トランプ再び(2)ハリスの敗北-放棄されたリベラル路線
「リベラル」を捨てたハリス
民主党やその支持者の間では、「ハリスはリベラルすぎたから負けた」という分析が広がっている。ジェンダー差別や気候変動問題など、少数のリベラルな有権者しか関心を寄せない問題を重視しすぎて、一般的な有権者を遠ざけたというのだ。 しかし、こうした見方はハリスの選挙戦の実態に即したものとはいえない。確かに上院議員時代のハリスは、野心的な気候変動対策の共同提案者として知られ、リベラルさでサンダースらと並ぶ存在と見られていた(※5)。2019年、民主党の大統領候補を決める予備選への挑戦を表明した際には、刑務所や移民関税捜査局(ICE)の施設の収監者を含め、すべてのトランスジェンダー成人に対する性別適合処置を支持する立場も打ち出していた(※6)。

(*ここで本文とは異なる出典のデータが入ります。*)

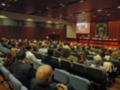 Una sala de conferencias con público sentado en filas. En el fondo, una pantalla proyecta imágenes y un panel de conferencia con personas hablando. La sala tiene paredes rojas y una gran pantalla en el centro.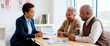 © Xenia - Doctor explaining a diabetes management and nutrition plan to a senior couple. Healthcare professional consulting with older African American patients in a medical office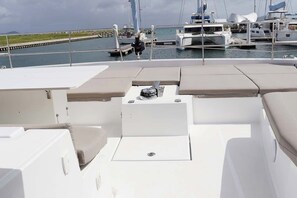 A boat deck with seating areas and a control panel. - Caribbean Dream: Sun-soaked Sailing Adventure from Tortola, Islas Vírgenes Británicas (Road Town)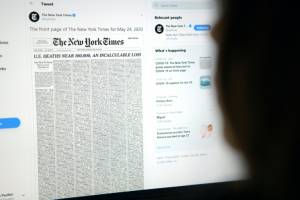 NYTimes marks grim US virus milestone with front page victim list.jpg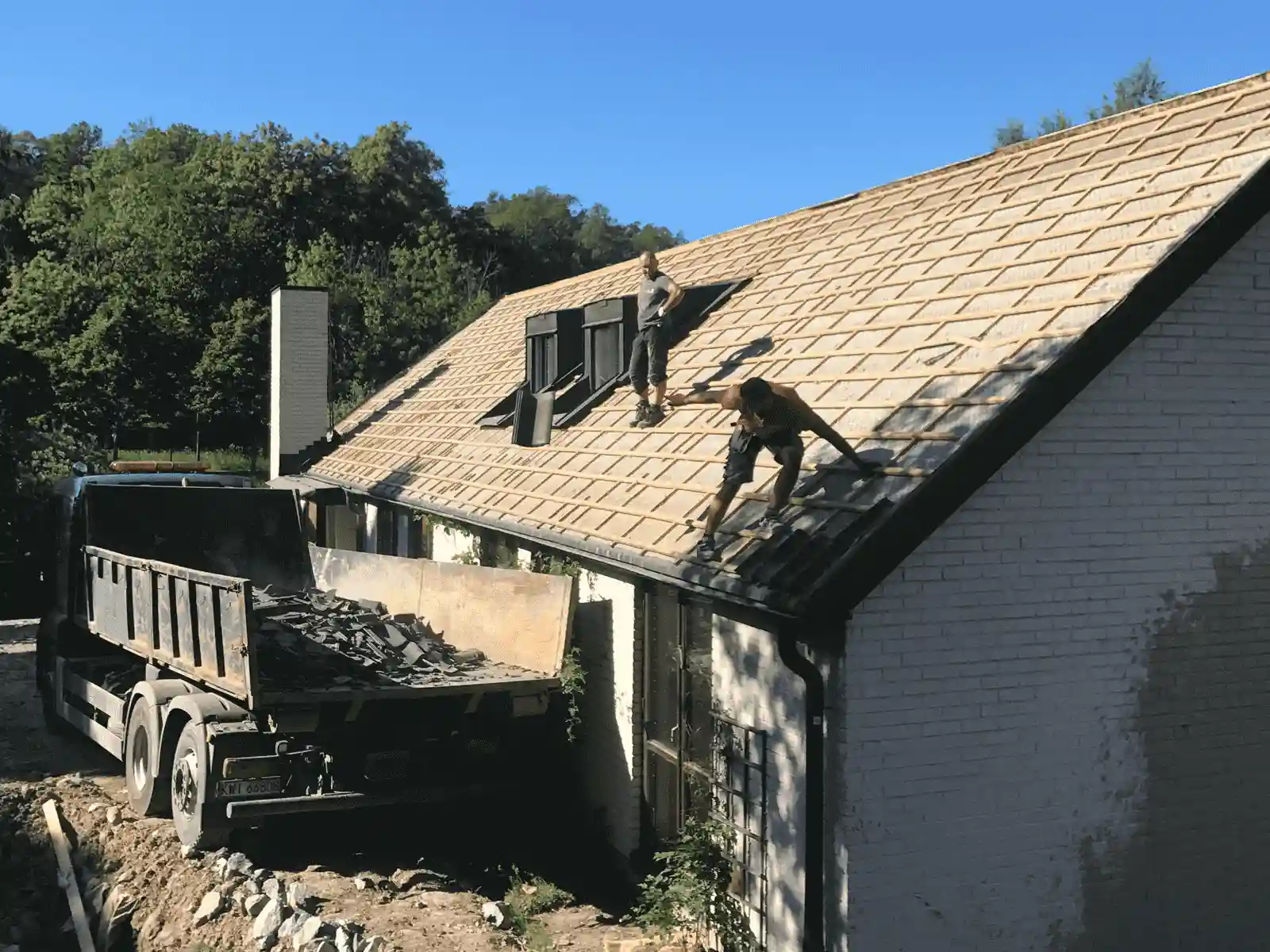 ett byggföretag river ett hus genom att ta bort takpannorna och lasta dem på en lastbil
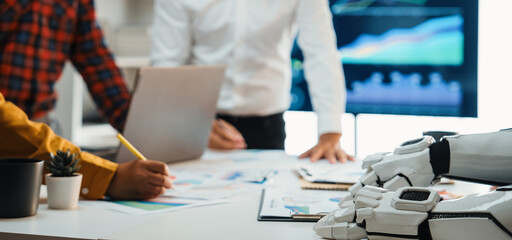 Professionals engage in a collaborative meeting with a humanoid robot, analyzing financial charts and data in a sleek, modern office setting.Noogenesis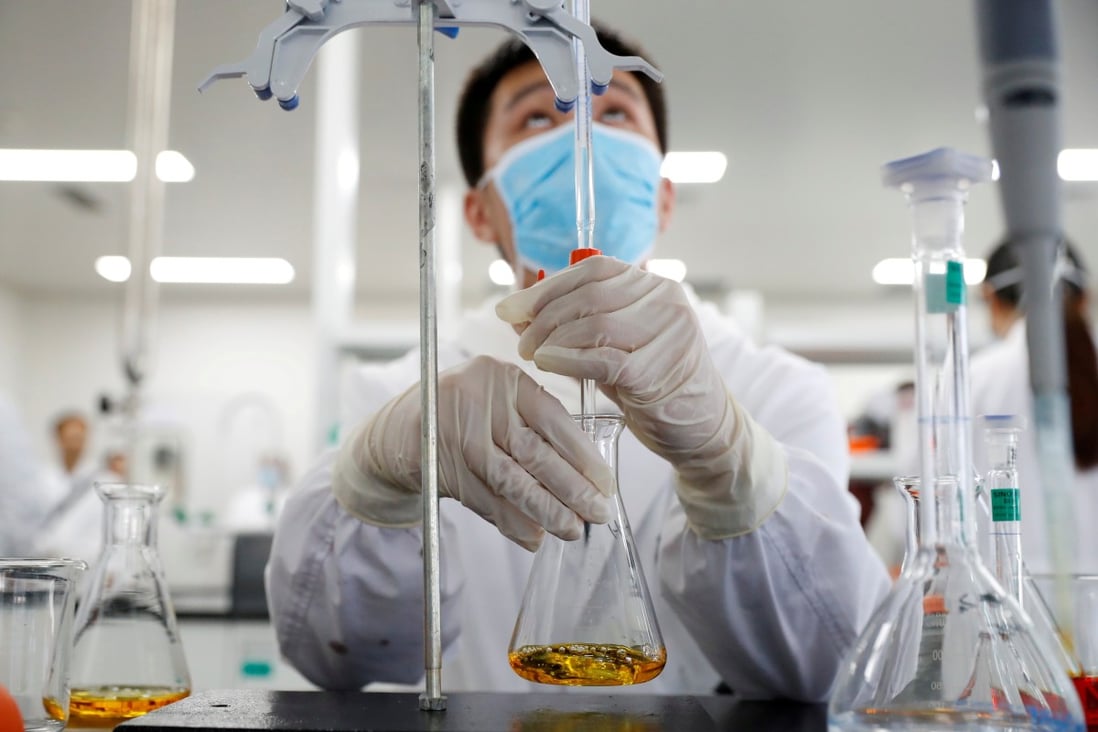An employee works at a Sinovac Biotech facility, which is developing an experimental coronavirus vaccine, in Beijing in September. Photo: Reuters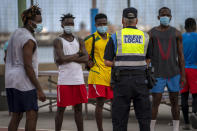 A police officer tells migrants and asylum-seekers to stop playing soccer due to coronavirus restrictions on contact sports in Gran Canaria island, Spain, Tuesday, Aug. 18, 2020. Migrants are increasingly crossing a treacherous part of the Atlantic Ocean to reach the Spanish archipelago near West Africa, in what has become one of the most dangerous routes to European territory. (AP Photo/Emilio Morenatti)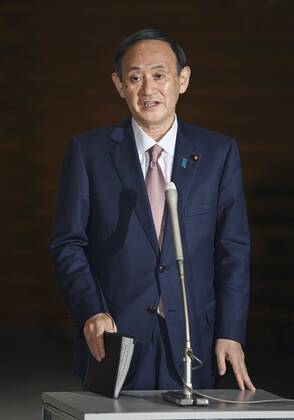 Virus-related laws revised Japanese Prime Minister Yoshihide Suga meets the press in Tokyo on Feb. 3, 2021, after parliament enacted revisions to the coronavirus special measures law and the infectious disease law. 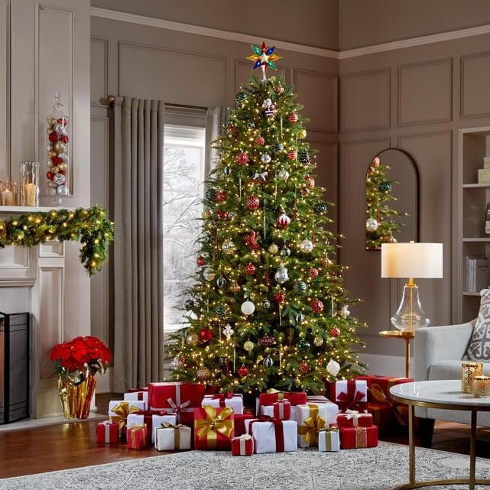 A Viral Sensation A classic Balsam Fir artificial Christmas tree with white and red decorations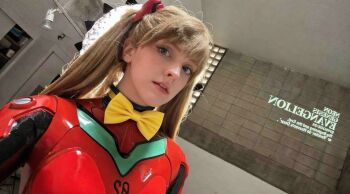  1girl blue_eyes bodysuit bow brazilian_(nationality) breasts brown_hair cosplay dutch_angle hairpods highres indoors interface_headset_(evangelion) lips looking_at_viewer mecha_pilot_suit medium_breasts memepantazis neon_genesis_evangelion photo_(medium) plugsuit_(evangelion) red_bodysuit shiny_clothes smile solo souryuu_asuka_langley souryuu_asuka_langley_(cosplay) twintails two_side_up yellow_bow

19年に出版した自伝『私たちの真実―アメリカン・ジャーニー』では、トランプ政権の排他的な不法移民対策を強く批判し、「移民の国」アメリカとしての寛容性を保つことの大事さを主張していた。 これらリベラルな立場を、ハリスは選挙戦でほとんど放棄した。共和党は、LGBTQなど性的少数者の権利や不法移民に関するハリスの過去の発言をあげつらい、「過激なリベラル」と攻撃して中道派の離反をもたらそうとした。こうした状況で、ハリス陣営もリベラルな主張を降ろし、中道に主張を寄せた方が戦略として得策と踏んだのだろう。気候変動についてハリスは、バイデン政権が国内で記録的な石油・ガス生産量を実現したこと、環境リスクが指摘されるフラッキング(水圧破砕法)と呼ばれる採掘方法を拡大させたことを誇らしげに掲げた。不法移民問題については、南部国境の厳格な管理を打ち出し、トランプよりも強固に国境を守ると主張すらした。性的少数者の権利については、選挙戦でほとんど語らなかった(※7)。 ハリスへの熱狂が、トランプへの熱狂を上回れなかった原因の一つは、「リベラルすぎた」からではなく、ハリスの立場のブレ、その立場の変更について十分に説明できなかったこと、突き詰めれば、政策的な信念がなかった、あるいはあっても有権者を説得できなかったことにあるのではないだろうか。その結果、ハリスにリベラルな政策を打ち出すこと、少なくともリベラルさを維持した立場を期待していた人たちは幻滅を深めていった。対するトランプは、関税政策や不法移民の強制送還など、主張を一貫させており、自分の支持者がどういう政策や言動を求めているかもよく理解していた。 日本でも「格差の是正」といった長期的な課題より、まずは生活を少しでも楽にしたい、手取りを増やしたいという有権者の心情はいよいよ高まる。10月の総選挙で、「手取りを増やす」「扶養の上限を上げる」として、所得税の「103万円の壁」見直しを掲げた国民民主党が大躍進した背景にも、そうした有権者の心理があったといえよう。気候変動、選択的夫婦別姓や同性婚などのジェンダー平等の問題は「票にならない」がゆえに、選挙の主要な争点になかなかならない現状も、アメリカ大統領選に似たところがあるのかもしれない。 確かに民主主義や人権は、空腹を満たすことはないが、損なわれて初めてその重大さに気づくものだ。今回トランプは、もっぱら選挙の争点をインフレや不法移民問題、人々の暮らしや体感治安の問題に見定め、見事な勝利を収めた。この動きに追随する政党が、日本を含む世界各国に出てくるかもしれない。しかし、そのような世界は多くの人々にとって生きづらいものになるだろう。今回のトランプ勝利を受けて、「リベラルは時代遅れになった」とまで断ずるのは早急だ。地球環境や普遍的人権を掲げる主張が、選挙で人々に受けず、なかなか票にならないという事実は、決してこれらが不必要だということを意味しないのである。